You probably already know at an intuitive level that after feeling anxious and stressed for awhile, your mood tends to dip a bit. Maybe you’re just mildly dejected, or perhaps you develop a full-fledged depression.
Researchers at the University of Washington have recently discovered that a neuropeptide called corticotropin-releasing factor (CRF), which under normal conditions helps the brain to release dopamine, a hormone associated with pleasurable sensations, loses this ability under stressful conditions, for over three months. That’s a long time.
In the study, mice were put in one of two connected cages. In the first cage, an area of their brain called the nucleus accumbens was infused with CRF. The mice were then moved into the second cage, and their nucleus accumbens was infused with a placebo (inactive) substance. The mice were then left to pick their preferred cage, the hypothesis being that the mice would choose the cage where they experienced a dopamine surge (i.e., the cage where they received CRF). This was indeed the case.
Next, the mice were subjected to a stressful situation, in this case, being forced to swim in water many times over two days. The researchers found that after this stressor, the ability of CRF to boost the release of dopamine in the brains of the mice was abolished.
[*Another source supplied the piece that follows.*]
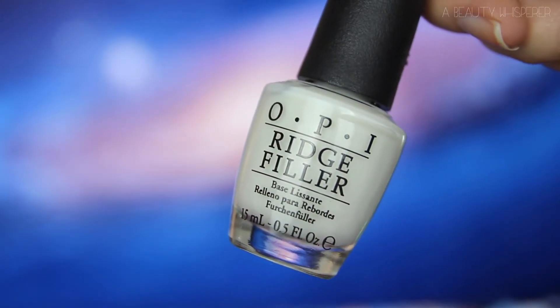I needed a new base coat for my nails because my old OPI Natural Base Coat was getting a bit old and making my nail polish peel off in massive chunks — very annoying when you spend time doing a manicure. So I picked up the OPI Ridge Filler Base Coat. My nails are quite brittle, so buffing them to remove ridges makes them even more brittle. This really does fill in my ridges and make my nails smooth. It also makes my nail polish last a lot longer — I can get about five days without any chips, which is insane for me.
Moreover, the mice actually wanted to spend less time in the cage where they received CRF, indicating that CRF was producing a distasteful effect, which lasted over 90 days.
So, if you’ve experienced a traumatic event that caused you significant stress, be aware that your body is going through some major biochemical changes. As a result, you may sink into depression — and possibly for an extended period of time. Be alert for symptoms such as decreased enjoyment of activities that you usually enjoy, less interest in socializing, and alterations in sleep and eating patterns.
Be patient with yourself, understand that your body needs time to heal — and make sure to reach out for support from family, friends, and mental health professionals, if needed. It’s hard to take action when it feels as if nothing will help — but this is the disorder talking, not the reality.